_Exercise instructions_
With pictures omitted, restate the data word for word.

_Raw data_

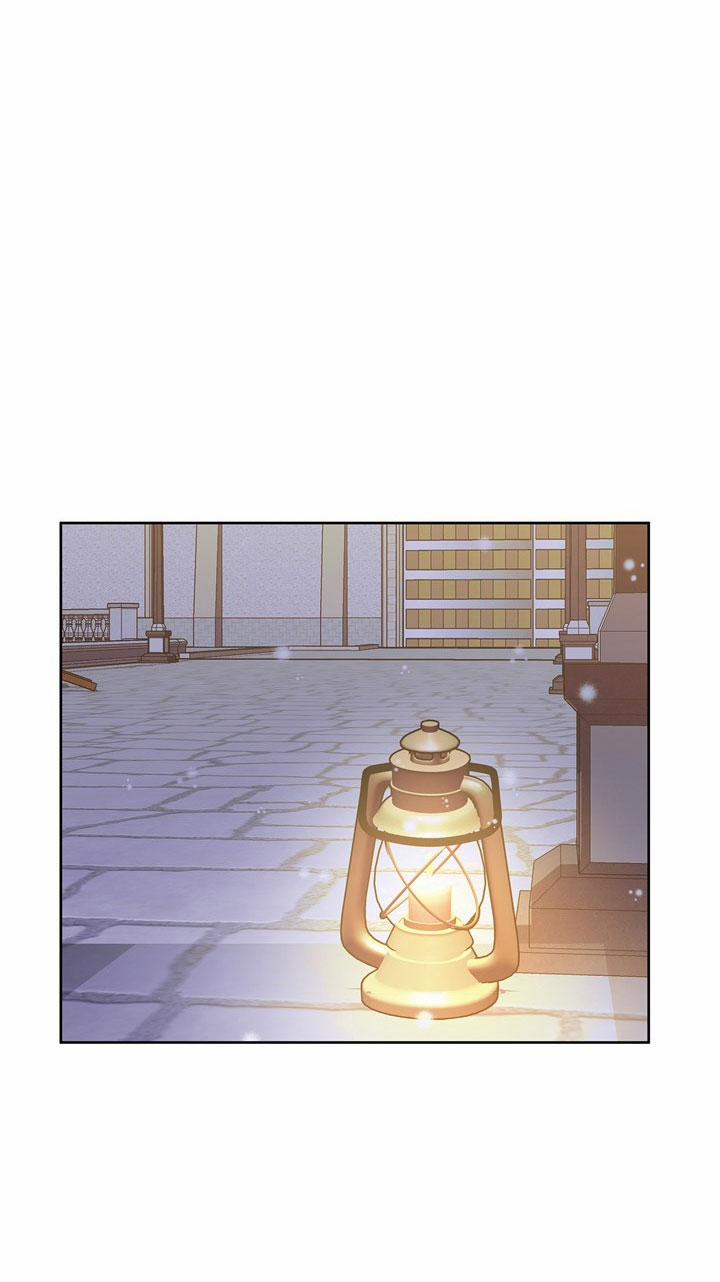 Mùa Đông Đến 37.2 trang 6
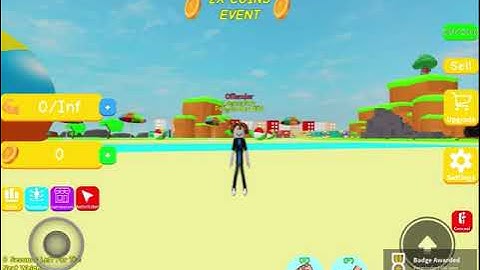 Getting stage 10 in Gergos Lifting Sim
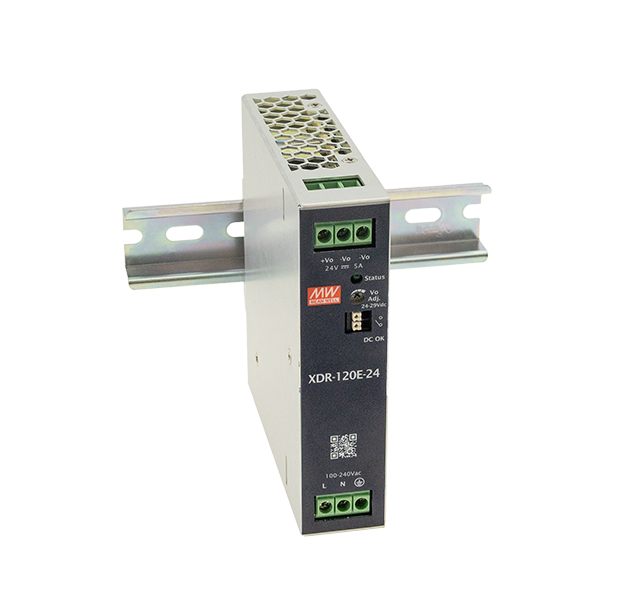 XDR-150E-12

_Task answer_
 Mùa Đông Đến 37.2 trang 6
 Getting stage 10 in Gergos Lifting Sim
 XDR-150E-12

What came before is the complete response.